Horn: Lassen Sie sich überraschen.

chilli: Das wichtigste Instrument bleibt die Freiburger Stadtbau. Sie wollen sie neu ausrichten. Gibt es dafür überhaupt einen Grund?
Horn: Ich will keine Siedlungsgesellschaft 2.0, aber die FSB hat mehr Potenzial. Seit 2006 hat sie zwar 1400 neue Wohnungen gebaut, unterm Strich aber nur 300 mehr in ihrem Bestand. Wir starten jetzt eine Wohnungsbauoffensive, wir wollen, dass sie in zehn Jahren 1000 zusätzliche im Bestand hat. Das ist mein Ziel. Wenn wir mehr fordern, müssen wir aber auch mehr fördern …

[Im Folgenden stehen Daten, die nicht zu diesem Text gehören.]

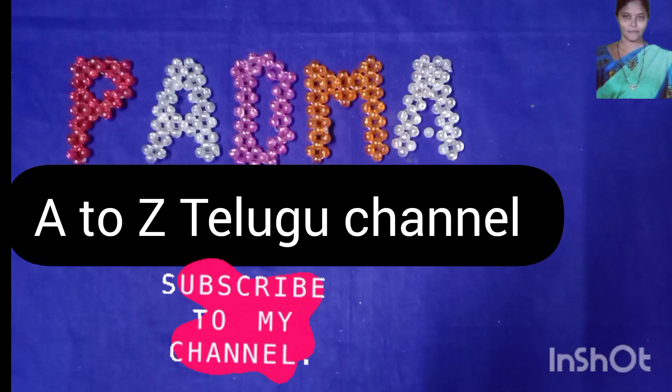Hi, I am your host, Padma A2Z, and welcome to this video.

chilli: Aus dem Stadtsäckel?
Horn: Wir haben noch ein paar attraktive Grundstücke, die wir günstiger abgeben könnten. Wir müssen sie aber auch sozial stärken. Die FSB macht super Arbeit, wir müssen aber mutiger auftreten und deutlicher sagen, was sie für unsere Stadt alles leistet.

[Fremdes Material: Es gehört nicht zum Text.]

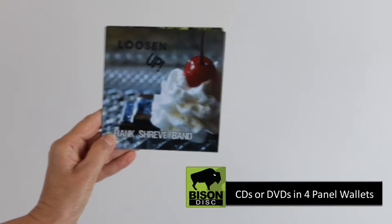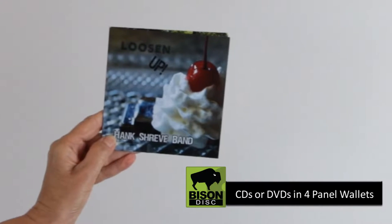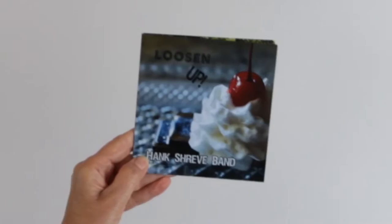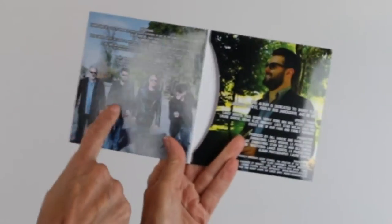CDs or DVDs in 4-panel wallets. The 4-panel wallet is printed full color with gloss finish on paper board stock. There is the front cover, the inside left panel, the inside right panel that has the disc pocket, and then the back side.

chilli: Sie wollen die FSB stärken, frieren aber die Mieten ein …
Horn: Die FSB braucht eine gute Eigenkapitalquote und deswegen brauchen wir auch Mieterhöhungen. Aber wir müssen weg vom Dogma, dass wir an den Mietspiegel ranmüssen.

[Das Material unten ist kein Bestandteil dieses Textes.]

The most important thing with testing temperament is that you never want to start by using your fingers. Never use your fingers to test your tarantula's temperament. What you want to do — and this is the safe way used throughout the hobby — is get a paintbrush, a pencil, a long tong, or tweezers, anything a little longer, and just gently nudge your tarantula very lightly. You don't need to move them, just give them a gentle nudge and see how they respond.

chilli: Die Stadtbau wird auch beim Neubaugebiet Stühlinger West mit insgesamt rund 1000 Wohneinheiten eine große Rolle spielen. Private Bauträger sollen draußen bleiben. Weil?
Horn: Ich bin kein revolutionärer Sozialist, aber wir brauchen Wohnraum für kleine und mittlere Einkommensschichten, daher wollen wir in diesem Gebiet nur gemeinwohlorientierte Akteure zulassen. Die bauen Wohnungen, die auch nach 25 Jahren nicht verkauft werden. Und trotzdem haben wir schon deutlich mehr Anfragen als Flächen.

chilli: Sie müssen aufpassen, dass solche Vergaben rechtlich einwandfrei sind …
Horn: Ja, wir brauchen ein Vermarktungskonzept, das das schafft.

chilli: Wann geht’s los?
Horn: Ich hoffe, 2022.

chilli: Bei der zweiten großen Wohnungshoffnung Zähringen Nord dauert es auch viel länger als gedacht.
Horn: Wir sind immer noch in herausfordernden Grundstücksverhandlungen (das Rathaus vergaß den Störfallbetrieb Micronas und die damit eingeschränkte Bebaubarkeit, d. Red.). Ein konkretes Datum kann ich hier nicht nennen. Aber wir sind auch schon am Tuniberg aktiv, wir wollen, dass die Ortschaften ihren Charme behalten, aber es wird dort nicht nur Einfamilienhäuser geben.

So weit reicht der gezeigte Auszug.